RIO DE JANEIRO - Football has not been immune to the tide of globalization, which has transformed the sport, the head of the African Football Confederation (CAF) said Wednesday.
"Globalization has dissolved all the boundaries and the distances" in the game, aiding the transfer of knowledge from major footballing nations to smaller countries, Hicham El Amrani told a sports management seminar in Rio.
El Amrani said the first ever World Cup in Africa -- South Africa 2010 -- and the current event in Brazil had seen clear long-term progress in areas such as transport and communications.
"So we should leverage these opportunities," said Moroccan El Amrani, who noted his own continent "has one of the highest rates of (player) migration" to major European leagues.
"What globalization has changed is the way we market the game and the way we watch. Football has changed as a result," El Amrani said.

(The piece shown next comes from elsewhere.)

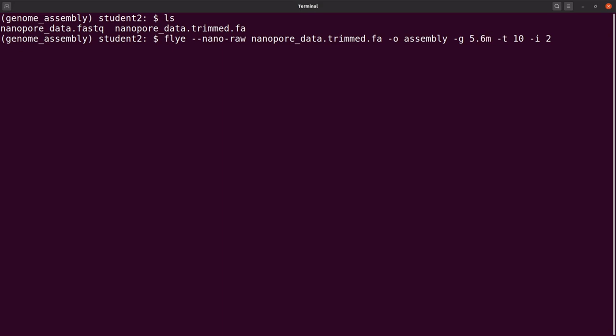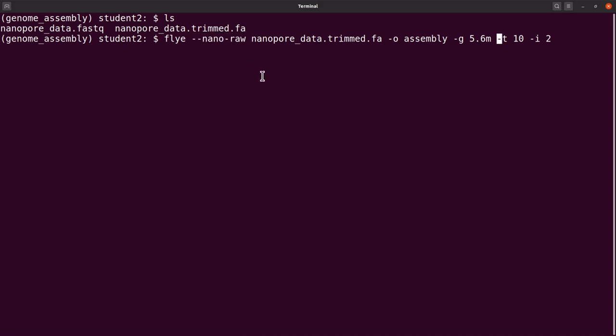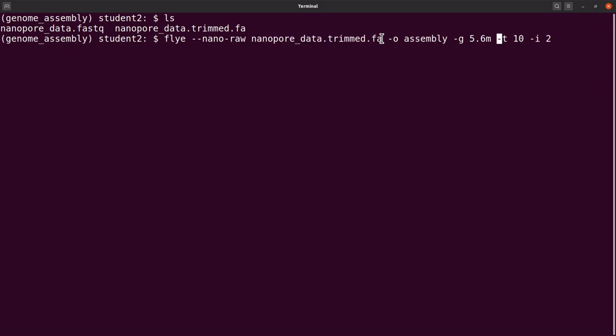Let me also say that with Flye you can also assemble PacBio reads. That is why this here is important, because this tells Flye which sequencing platform, and it will use the appropriate algorithms to do the assembly. So it's important to specify which sequencing technology we are using here.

He agreed with Eduardo Conde Tega, director of Brazil's Football University, that globalization had blurred soccer's cultural boundaries in what the Brazilian termed "post-modern nationalism."

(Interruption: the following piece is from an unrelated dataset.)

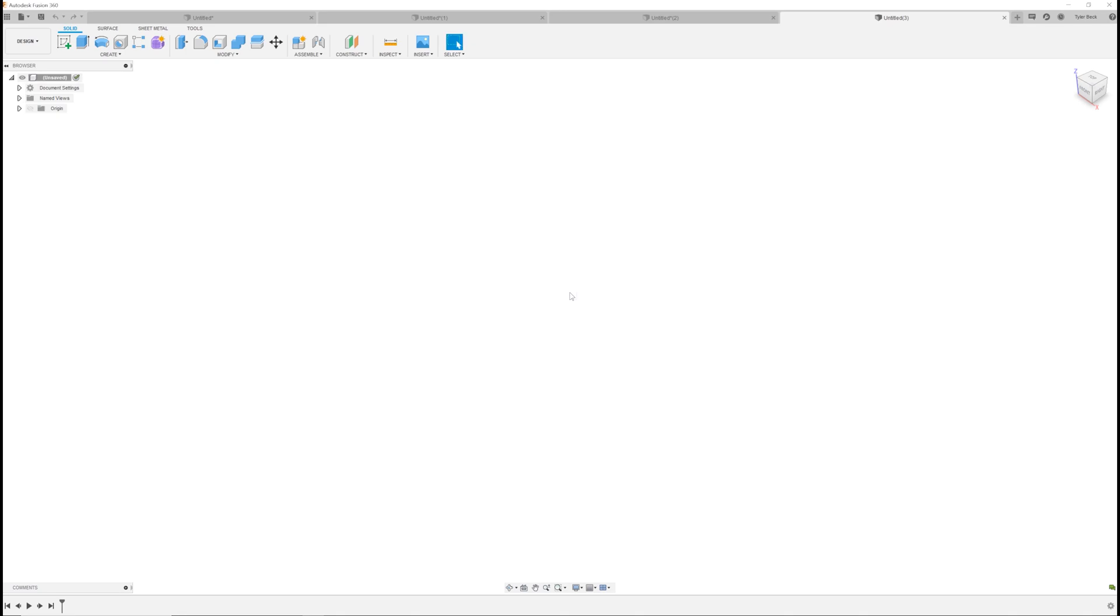Now, can you go out to the McMaster-Carr website and download the files? Absolutely. But this is a nice shortcut because it inserts it right in to your designs without having to go elsewhere and do those extra steps.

Tega drew attention to the cultural melting-pots of an increasing number of teams, including the United States, with many World Cup teams fielding players from a wide variety of origins.

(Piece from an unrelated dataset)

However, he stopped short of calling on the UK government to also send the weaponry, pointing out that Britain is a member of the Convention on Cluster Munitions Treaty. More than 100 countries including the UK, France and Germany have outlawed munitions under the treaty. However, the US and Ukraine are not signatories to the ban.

"This is how the world is today -- football is a reflection of how the world evolves," El Amrani said.
"A few years ago Italian people would not have thought they would have a black centre forward," he said, referring to Mario Balotelli, born to Ghanaian immigrants in Sicily.
In reference to Belgium's Romalu Lukaku, son of a former Zaire (now Democratic Republic of Congo) international, El Amrani remarked: "Believe me, he's as Belgian as the rest of them."
Tega added that "it's not just the rich countries who benefit" from globalization in the game "as we can see that Argentina have with (Lionel) Messi."
Messi joined Barcelona as a young teen but Argentina's national team are reaping the benefits of his education at the Catalonian club.